Patch is on a mission to revitalise local high streets with plans to bring its community-driven co-working social hubs to 100 small towns around the country.
Created by former management consultant Freddie Fforde, the company converts empty high street premises into combined “work near home” and community spaces that benefit people living locally. Inside there’s a mixture of smart co-working offices alongside publicly accessible areas such as coffee bars, libraries, pop-up shops and event rooms.
In contrast to traditional co-working spaces found in major cities, Patch’s focus is on smaller towns with a population of around 40,000+ people. This is an intentional part of its overall strategy: to breathe new life into local communities where people live.
Saving the high street
Creator Freddie says the idea is to keep people in their local areas to regenerate towns and support nearby businesses such as indies. “Patch is about rethinking what the high street is used for,” he says. “It was primarily a place of retail, but for various reasons that has changed. The long-term impact of technology has meant more people are able to work remotely. Patch provides a place that reflects modern life and a mixture of needs. It allows people to spend more time where they live – doing what they love.”
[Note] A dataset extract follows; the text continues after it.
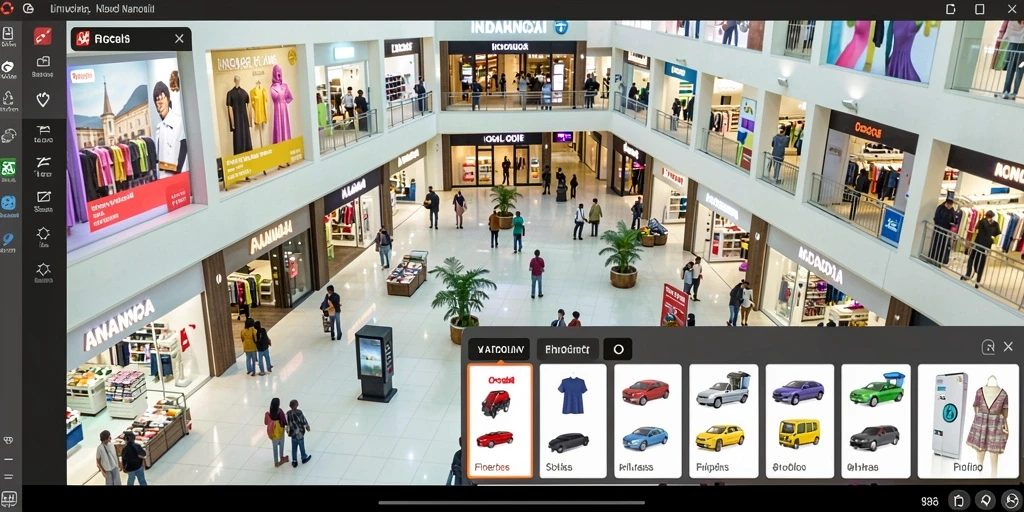 Tampilan antarmuka yang menarik dan user-friendly.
Patch’s first location opened in Chelmsford in 2020 while this summer will see the two further venues arrive in High Wycombe and Twickenham. Long-term plans include the roll out of 100 sites over the coming years, with the team on the lookout for suitable empty and disused premises.
“Although many of our investors are former CEOs, they all grew up somewhere”Freddie Fforde, Patch
Each Patch location is completely unique and created especially with the local area and residents’ needs in mind. “We don’t instruct communities in what they do, we give them space and ask them what they want to do with it,” says Freddie. Its plans include transforming buildings with civic value – like former breweries or libraries – into new centres for commercial and cultural life. Its team also invites a diverse range of local businesses, social enterprises and charities to use Patch as their neighbourhood base and venue to host events.
Patch’s unique concept is already receiving a lot of attention. The company has recently secured £3 million from JamJar Investments – the fund launched by the founders of Innocent Smoothies – as well as Blue Wire Capital, Vectr7 Investment Partners LLP, Active Partners and Triple Point Ventures.
A number of high street stalwarts are also backing the concept as angel investors, including PureGym founder Peter Roberts, former Wagamama CEO Emma Woods, Jeremy Sanders, co-founder of Coco di Mama and Wendy Becker, former CEO of Jack Wills.
Freddie says it’s popular because the idea behind Patch resonates with everyone: “Although many of our investors are former CEOs, they all grew up somewhere. No one wants to see their local towns completely gutted. Our belief is simple: great people are everywhere and they deserve the same opportunities too often sequestered in our major cities.”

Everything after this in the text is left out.